Sunday, May 25, 2014

Iran Takes Lead From West In Executing Banksters

I do not normally congratulate Islamic theocracies for brutality.  Today I shall make an exception.  Iran has executed a billionaire for his role in a massive banking scam.  This bankster defrauded a state-owned bank to buy state-owned assets.  Gee, that sure sounds a lot like some of the chicanery that transpired in the US during the 2008 financial crisis.  Iran sends a clear message about scammers that is lost on American executives.

The difference here in the US is that we don't execute the CEOs who commit bank fraud.  We would rather let them roam free to buy off politicians and donate their ill-gotten gains to museum endowments.  Our legal institutions prefer to turn a blind eye to their frauds out of concern for systemic stability.  Those concerns are overblown, since the FDIC has never had qualms about shutting down unstable banks.  The piles of bad mortgage paper on the Federal Reserve's balance sheet are a weapon of mass destruction.  Better that we had destroyed a few big investment banks instead.

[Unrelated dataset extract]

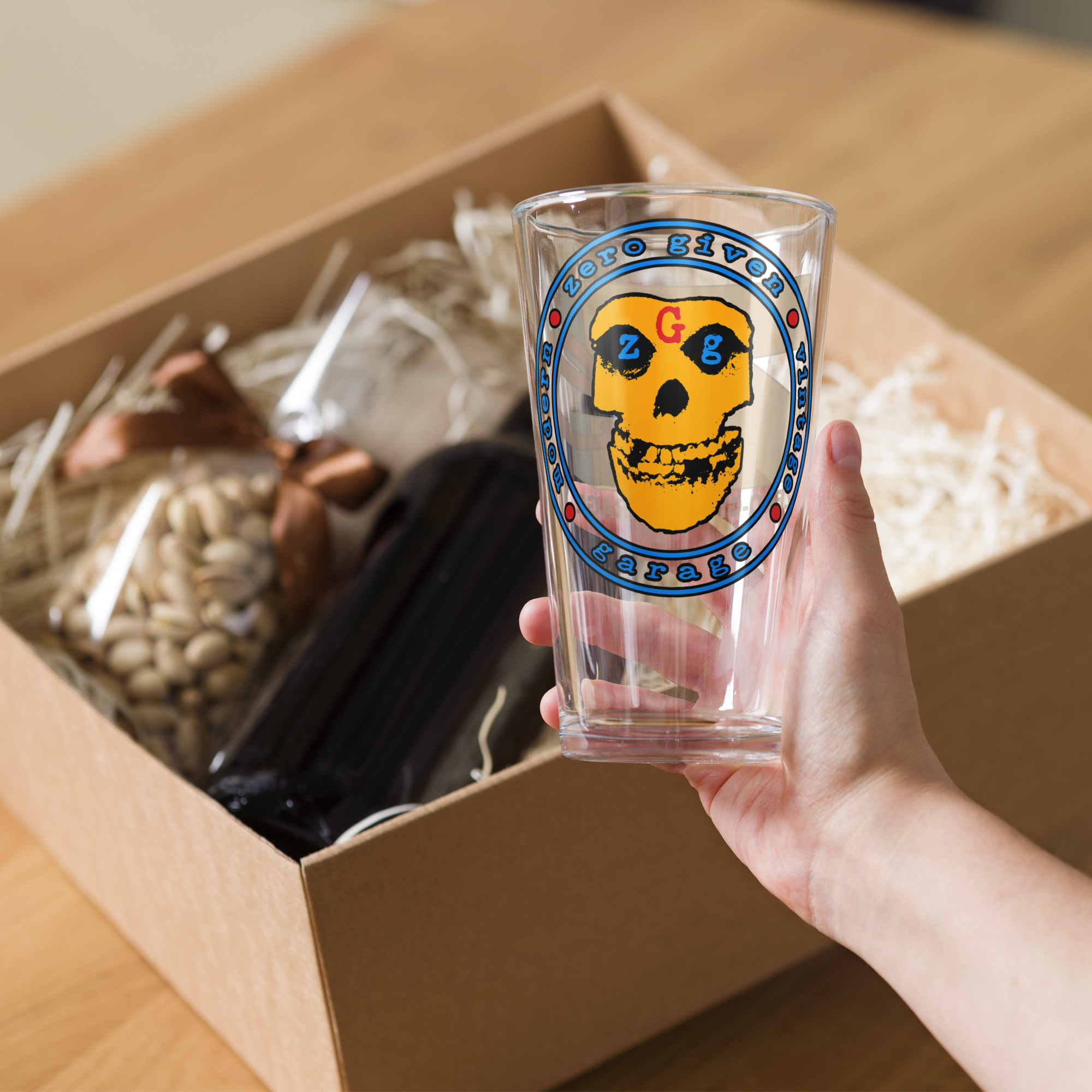 shaker-pint-glass-(16-oz)-16-oz-right-68b7c5c554039.png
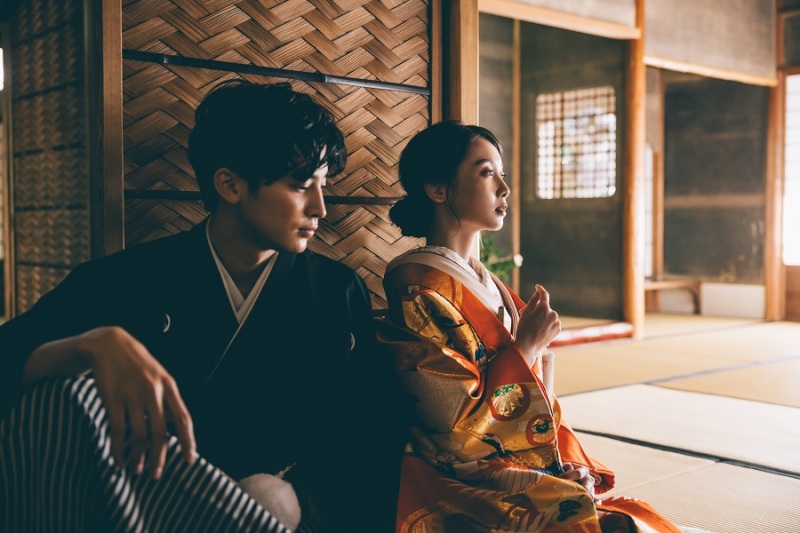 【1月末まで撮影のお客様限定!】ロケーション撮影2ヶ所&スタジオプラン - 3着(組み合わせ自由)&250カット付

America can learn a good lesson from Iran, a former ally until they went nuts for radical Islam in 1979.  The US should start prosecuting the unrepentant bankster CEOs from 2008 and ship the convicted ones to Iran for ultimate punishment.  Hanging a few billionaire Westerners from lampposts in downtown Tehran would give their executioners some more practice.  It may even provide a basis for an eventual US-Iran rapprochement.  We can show the imams that we can meet them halfway.

Sending American white collar criminals to Iran is of a course a modest proposal, in the tradition of Jonathan Swift.  Coddling them here in the good old USA is an unsatisfactory alternative if they live to steal again another day.

Full disclosure:  I find ethnic Persian women to be phenomenally attractive.  None of them have tried to scam me yet.